►

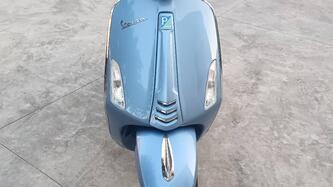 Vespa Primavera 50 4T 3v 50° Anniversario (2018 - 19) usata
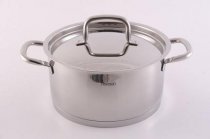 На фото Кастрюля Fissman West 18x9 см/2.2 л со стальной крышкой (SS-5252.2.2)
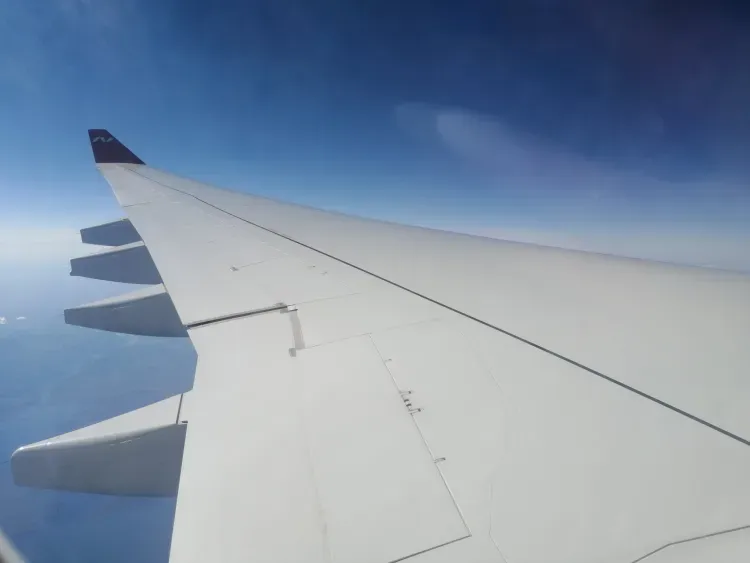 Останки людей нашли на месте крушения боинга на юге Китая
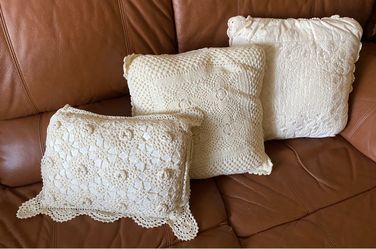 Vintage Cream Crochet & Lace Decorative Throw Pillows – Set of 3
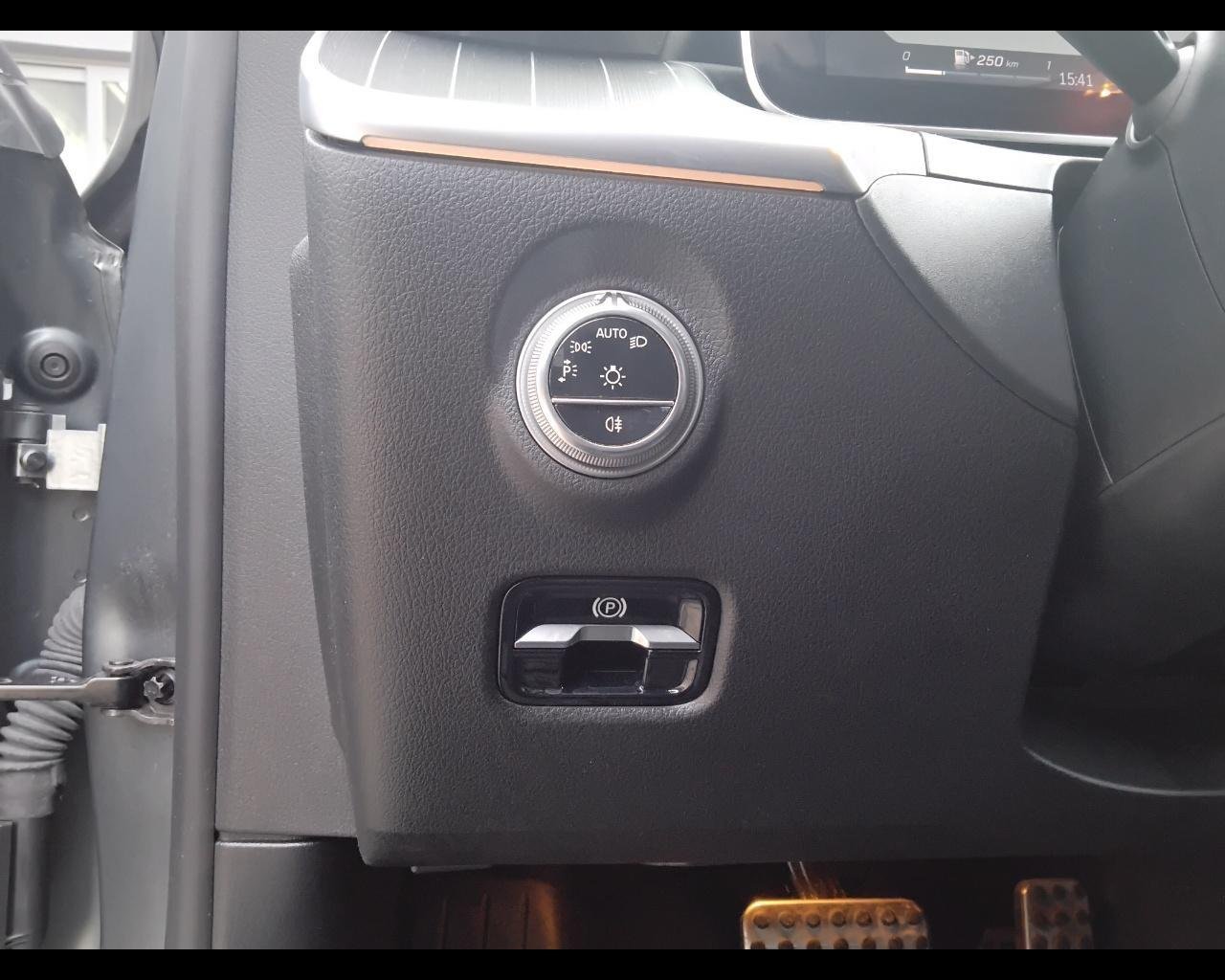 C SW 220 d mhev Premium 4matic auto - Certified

◄
►

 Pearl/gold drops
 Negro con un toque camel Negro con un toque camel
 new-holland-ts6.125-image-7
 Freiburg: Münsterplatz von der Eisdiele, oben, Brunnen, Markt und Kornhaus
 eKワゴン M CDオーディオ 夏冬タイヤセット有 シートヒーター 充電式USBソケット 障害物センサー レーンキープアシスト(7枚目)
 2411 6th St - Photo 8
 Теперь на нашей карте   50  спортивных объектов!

◄
►

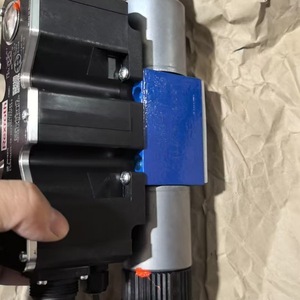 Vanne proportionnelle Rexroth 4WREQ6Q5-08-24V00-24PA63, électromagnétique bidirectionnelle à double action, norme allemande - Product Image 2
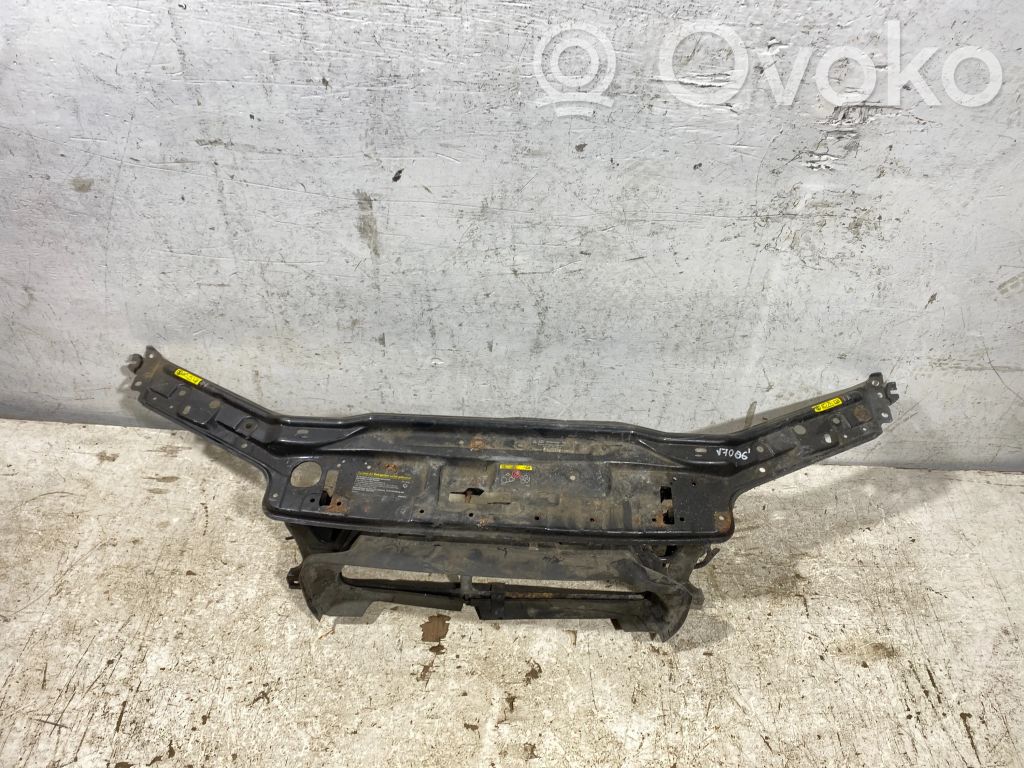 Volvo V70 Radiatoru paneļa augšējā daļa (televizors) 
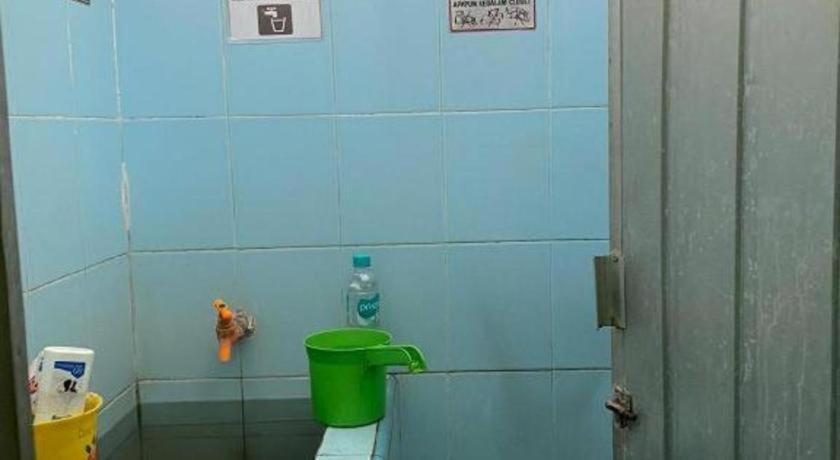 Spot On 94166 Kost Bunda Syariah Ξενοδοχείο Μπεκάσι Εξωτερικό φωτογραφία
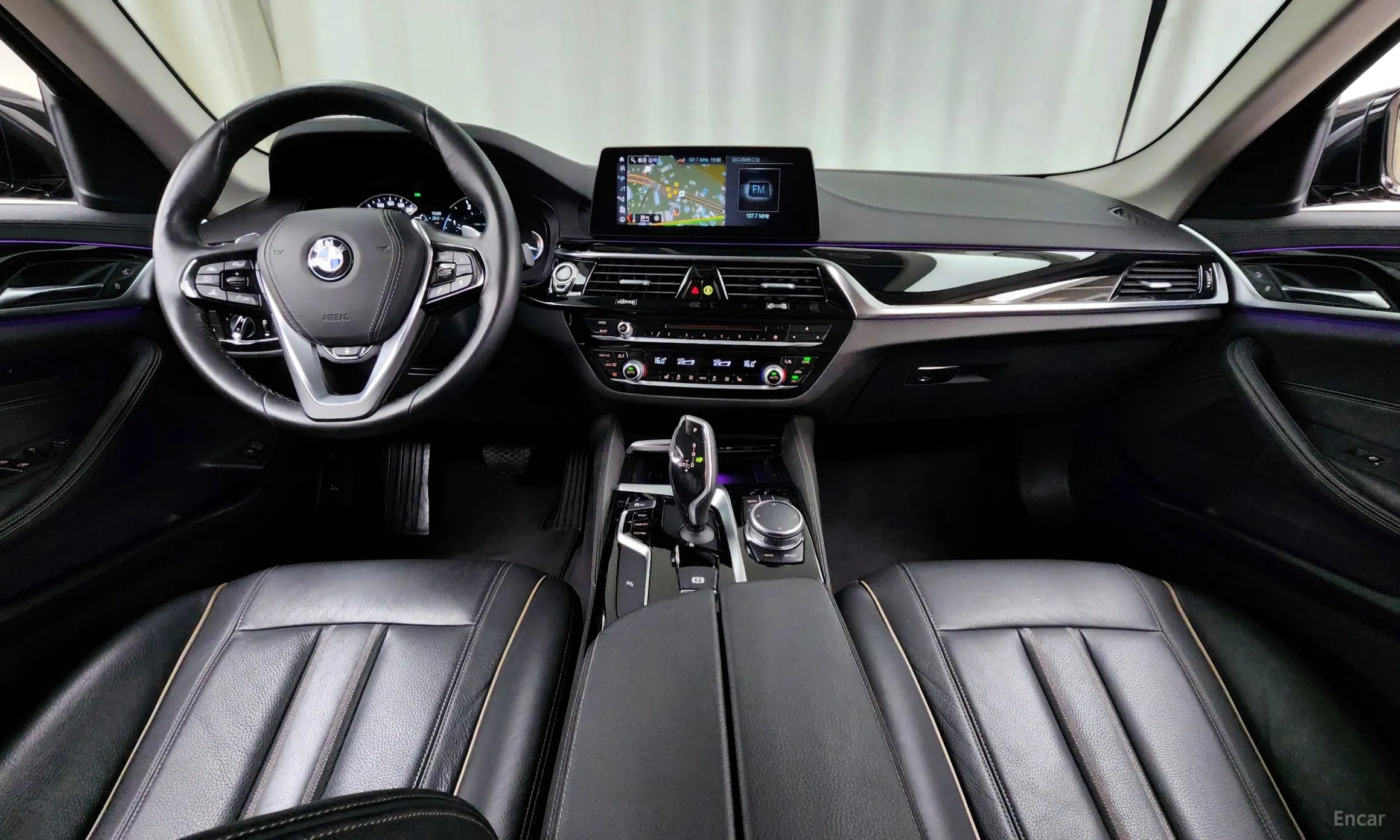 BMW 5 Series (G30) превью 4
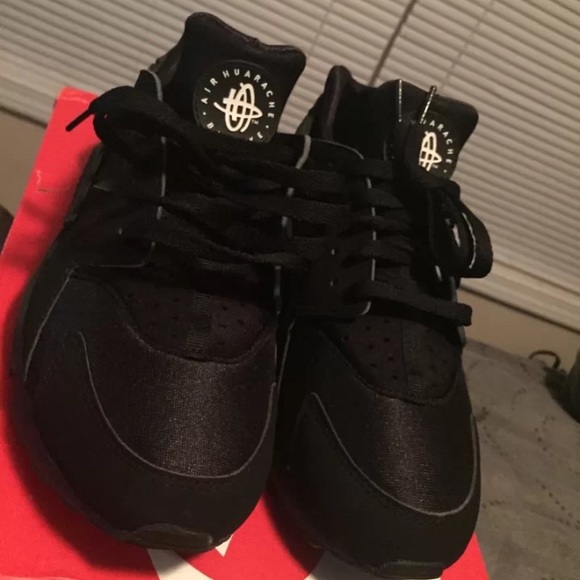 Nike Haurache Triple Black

◄

Work instructions -> What do the entries above read from the line containing "На фото Кастрюля" through the line containing "C SW 220 d mhev"? Output those lines exactly, both ends included, with the pictures left out.

Expected answer ->
 На фото Кастрюля Fissman West 18x9 см/2.2 л со стальной крышкой (SS-5252.2.2)
 Останки людей нашли на месте крушения боинга на юге Китая
 Vintage Cream Crochet & Lace Decorative Throw Pillows – Set of 3
 C SW 220 d mhev Premium 4matic auto - Certified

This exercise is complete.